What is required: Begin with the first line of the material and write out each line exactly, ending with the line that contains "F By Fabrika". Pictures are not part of the copy.

Records provided:
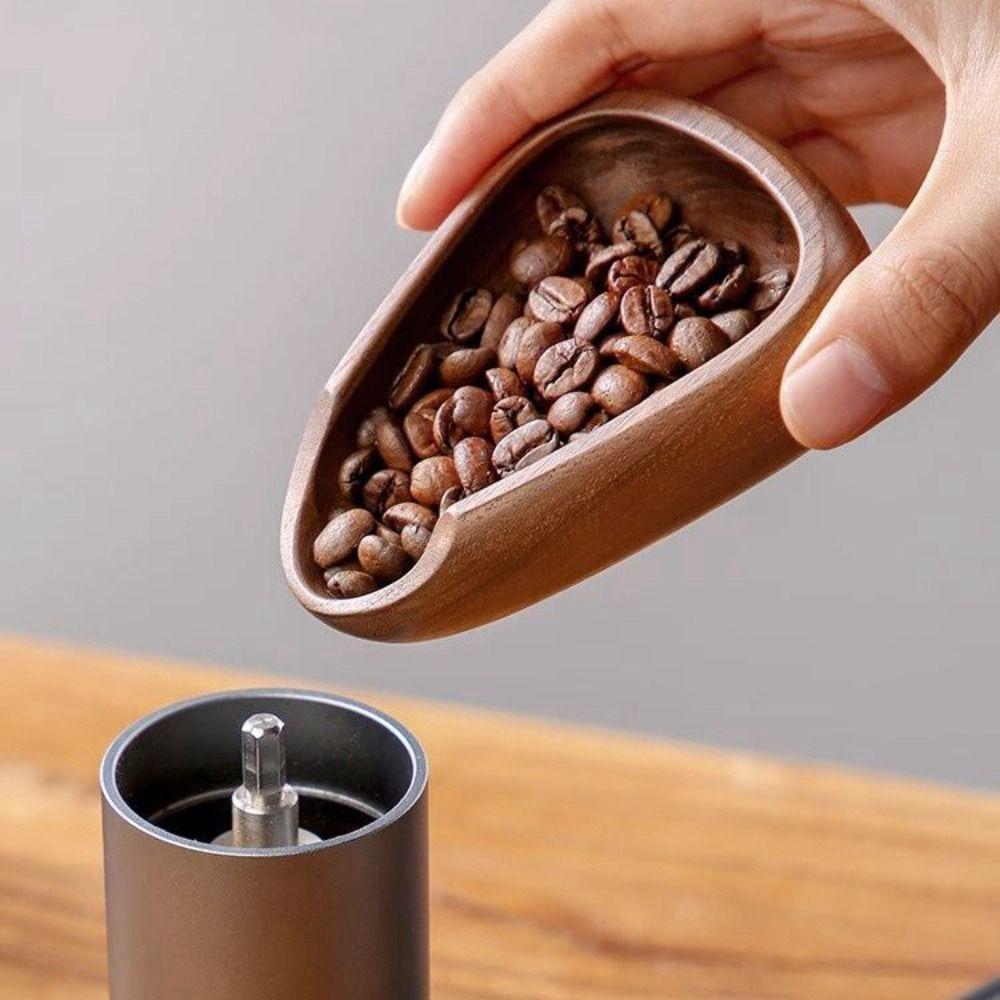 Anti-fall Coffee Bean Dosing Saucer Shovel Design Coffee Bean Spoon  Coffee Brewing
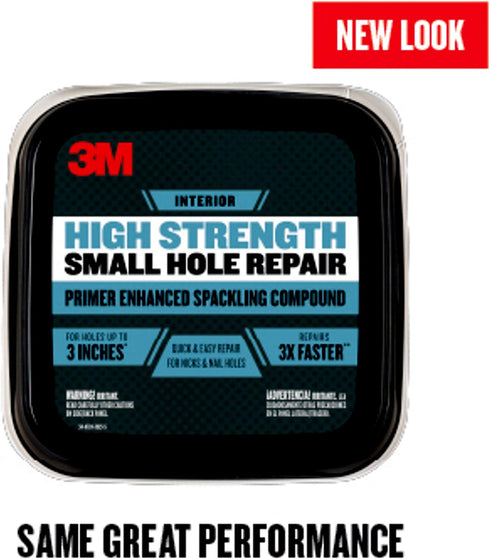 3M High Strength Small Hole Repair, Primer Enhanced Spackling Compound, 32 oz.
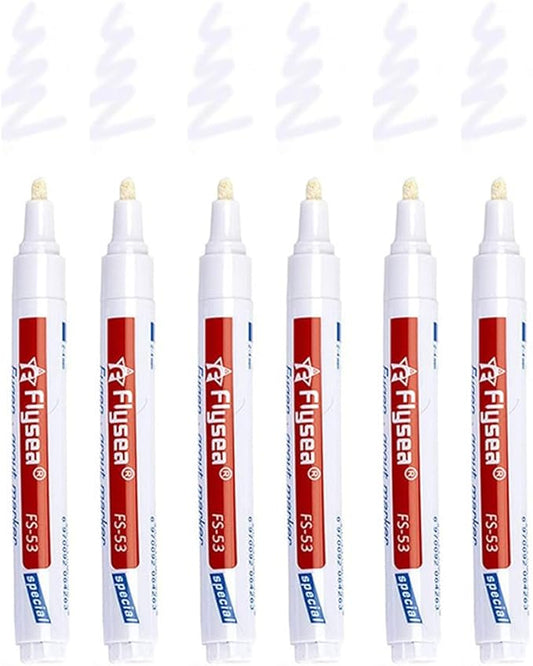 6 Pack Tiles Joint Repair Pens Tile Grout Line Marker Repair Pens Waterproof Water Based Ink for Kitchen Bedroom Wall Floor Tile Gaps (White)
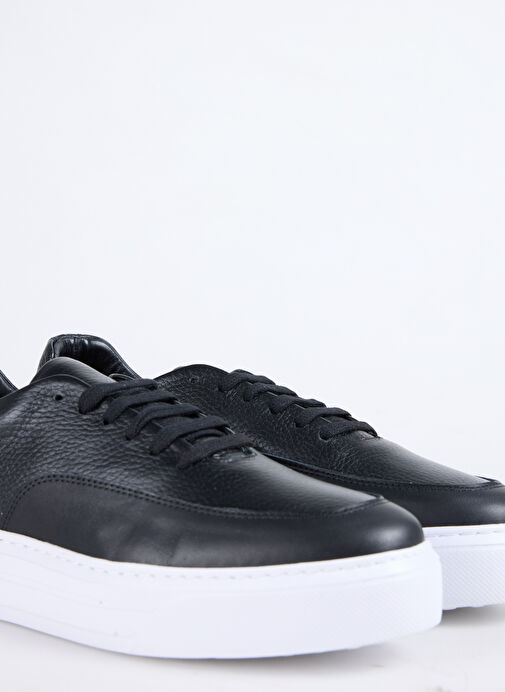 F By Fabrika Siyah Erkek Deri Sneaker TAMA - Görsel 6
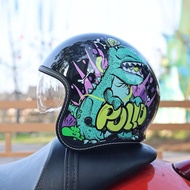 ORZ-507 Harley motorcycle retro helmet men's and women's half helmet retro cruise 3/4 helmet scooter
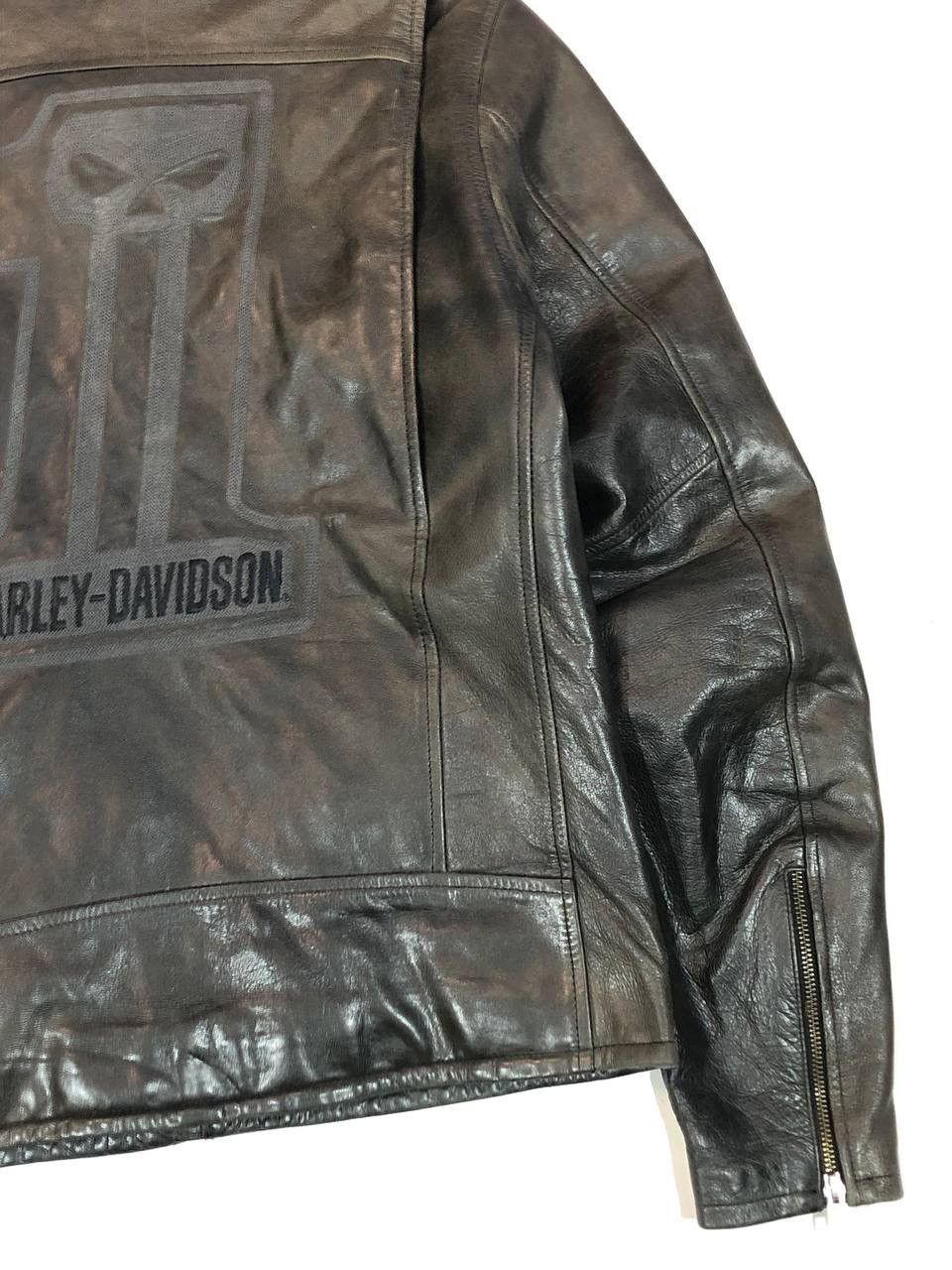 Harley Davidson Harley Davidson Leather Moto Biker Jacket Size US M / EU 48-50 / 2 - 10 Thumbnail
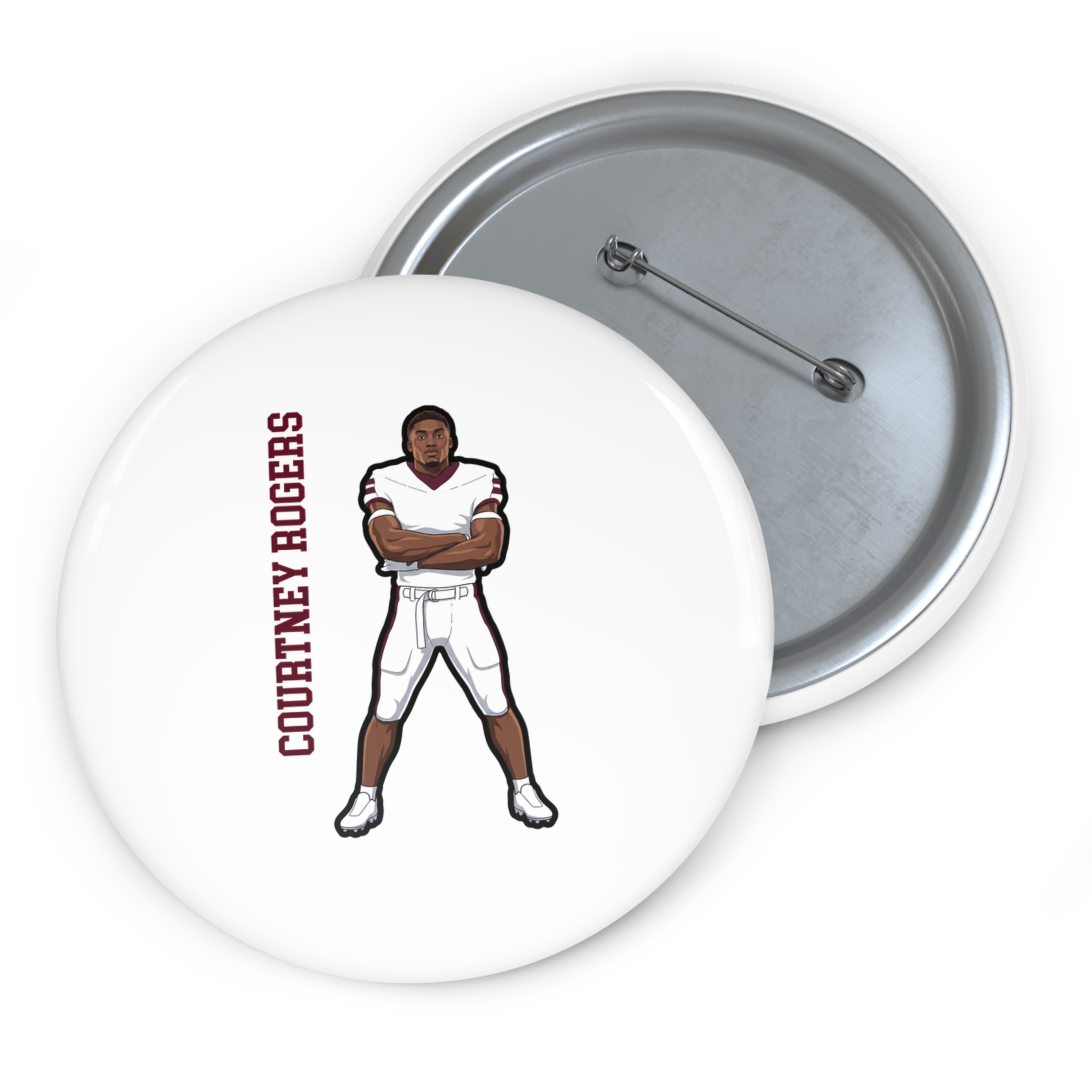 Game Day Pin — character_name_vertical in Classic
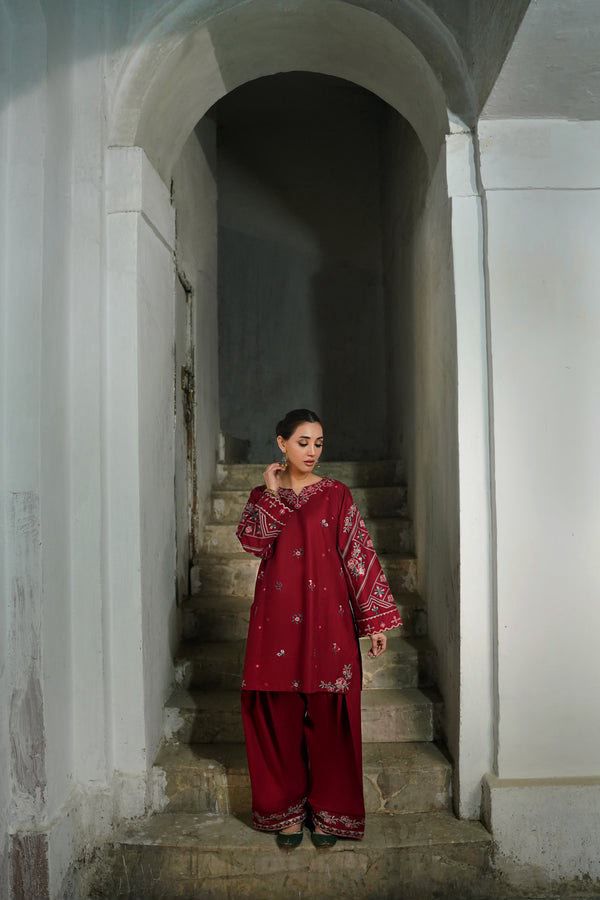 Most Hit 2PC Embroidered Lawn D-14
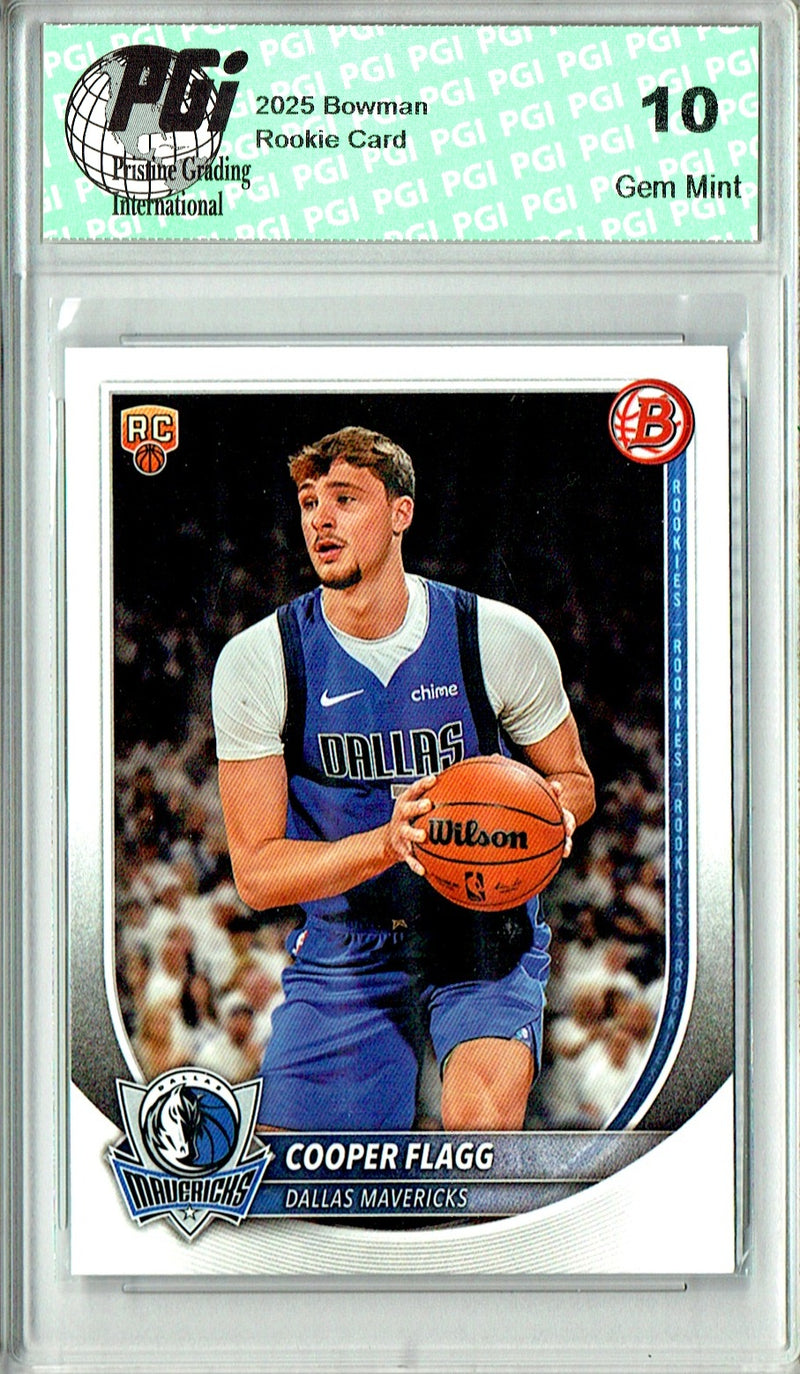 Cooper Flagg 2025 Bowman #1 Rookie Card PGI 10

Exercise response:
 Anti-fall Coffee Bean Dosing Saucer Shovel Design Coffee Bean Spoon  Coffee Brewing
 3M High Strength Small Hole Repair, Primer Enhanced Spackling Compound, 32 oz.
 6 Pack Tiles Joint Repair Pens Tile Grout Line Marker Repair Pens Waterproof Water Based Ink for Kitchen Bedroom Wall Floor Tile Gaps (White)
 F By Fabrika Siyah Erkek Deri Sneaker TAMA - Görsel 6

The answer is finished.